Ladrón que roba a ladrón...
En los últimos años, Ariel Winograd ha ido consolidando su voz dentro del cine argentino. Desde Cara de queso y la reciente Mi primera boda, demuestra que no es un director ampuloso, ni lleno de pretensiones. Cumple su cometido de contar una buena historia y, lo mejor de todo, ninguna de sus películas se sienten como si estuviese robando a mano armada con el subsidio gubernamental a la profusión de nuevo cine. Que su film se llame Vino para robar y transcurra mayormente en las inmediaciones de Mendoza -capital nacional del vino- es uno de los primeros pequeños pero grandes aciertos de la trama.
Casi bordeando la comedia screwball, Vino para robar es un formato de cine que pocas veces se ve en salas del país. Apunta a sacarle provecho a las falencias de la comedia norteamericana de enredos y a apropiarse el espíritu en tierras nativas, con personajes netamente argentinos y situaciones locales. Daniel Hendler y Valeria Bertuccelli, la pareja protagónica, son dignos representantes de la picardía argenta, siendo los dos ladrones de guante blanco cuyas vidas se solapan al poner sus ojos sobre el mismo objetivo.

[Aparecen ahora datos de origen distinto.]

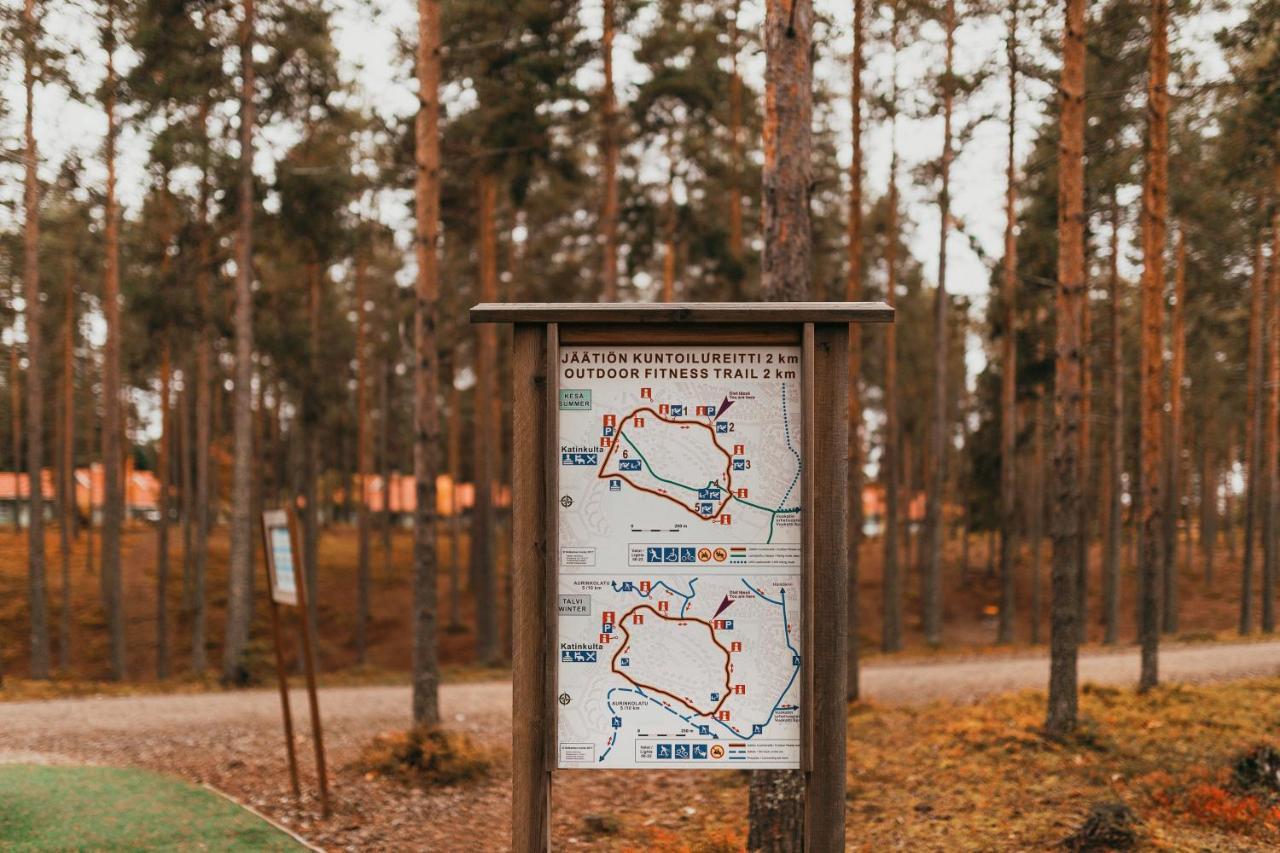 Holiday Club Katinkulta Apartments Вуокатті Екстер'єр фото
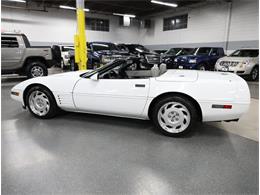 1992 Chevrolet Corvette (CC-2072119) for sale in Addison, Illinois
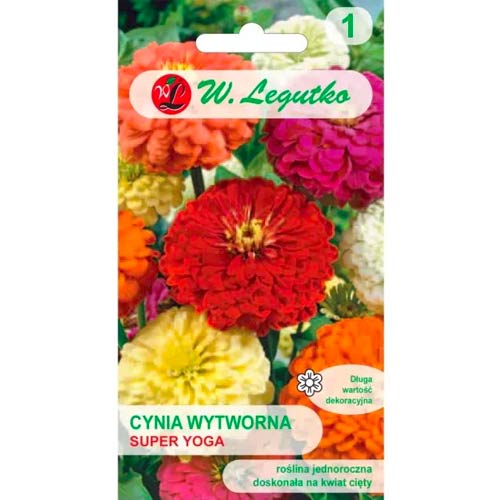 Lililipop Super Yoga, směs obrázok 1 artikel 78546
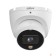 Видеонаблюдение DAHUA DH-IPC-HDW1839TP-A-IL-0280B-S6 Уличная турельная IP-видеокамера SmartDualLight 8Мп, 1/2.7” CMOS, объектив 2.8мм, обнаружение людей, микрофон, ИК 30м, LED 30м, IP67, металл/пластик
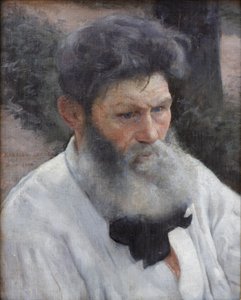 Autoritratto da Jules Bastien Lepage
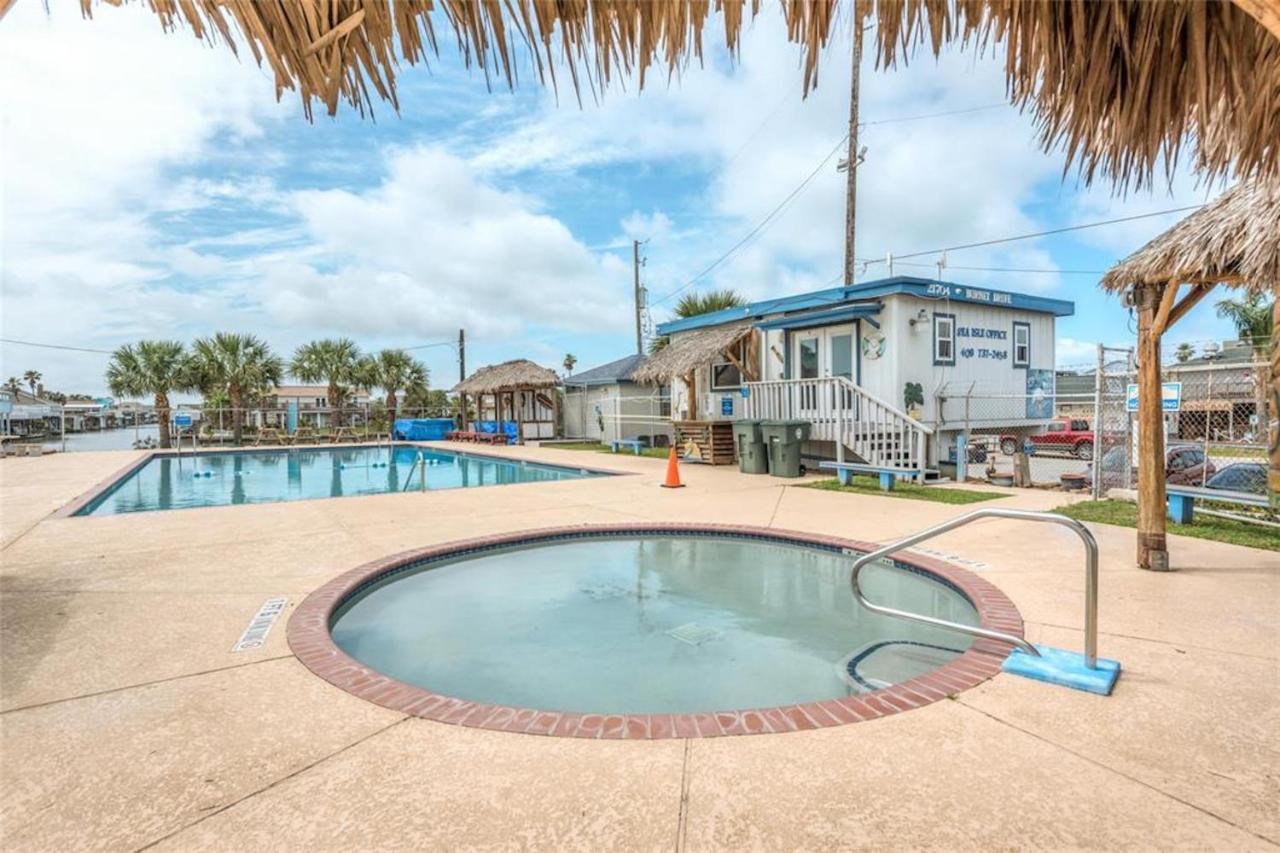 Seas The Day Villa Galveston Buitenkant foto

Quizás Hendler y Bertuccelli no tengan la química amorosa más creíble del mundo, pero se encargan de llevar a buen puerto una relación estrictamente profesional por un camino aderezado de contratiempos, vueltas de tuerca y secundarios hilarantes. Ambos provienen de estilos cinematográficos diferentes, él del palo del indie nacional, ella es más comercial, pero a fuerza de guión y una buena dirección por detrás se convierten en aliados para el crimen. Daniel tiene una veta más tranquila de actuación, sin llegar a extremos, más calmada, y Valeria es reconocida por sus estruendosos papeles tanto en la televisión como en el cine. La mano mágica de Winograd logra nivelarlos, logra sosegar a la bestia iracunda dentro de la actriz y focalizarla en el guión, en retener sus mañierismos pero sin opacar la chispa que la hace característica. No hace falta tener a un personaje maldiciendo durante toda la película. El director lo entiende y por eso su narrativa destaca aún más.
La historia construida por Adrián Garelik -en su debut cinematográfico- no engaña. Tiene giros argumentales, otros momentos hilarantes y muy costumbristas, y el peso narrativo recae en sus protagónicos. La estrella de Martín Piroyansky sigue en ascenso y, como el acompañante, el Robin de Hendler, genera simpatía y se guarda a la audiencia en el bolsillo. No es así el caso del villano interpretado con buen tino por Juan Leyrado, quien es necesario para empujar la trama hacia adelante pero no aporta mucho, o el detective encarnado por Pablo Rago, que no termina de encajar del todo en el marco del cuento.
Vino para robar no es una propuesta que atrae desde su extraño título. Las expectativas alrededor suyo eran pocas, pero con el correr de los minutos, el viaje de los personaje se va volviendo más hilarante y divertido. En el final, cumple su cometido con creces y fomenta la mejor clase de cine nacional: el que se deja ver sin inconveniente y con fácil acceso. Levanto mi copa en su honor, señor Winograd. Bien hecho.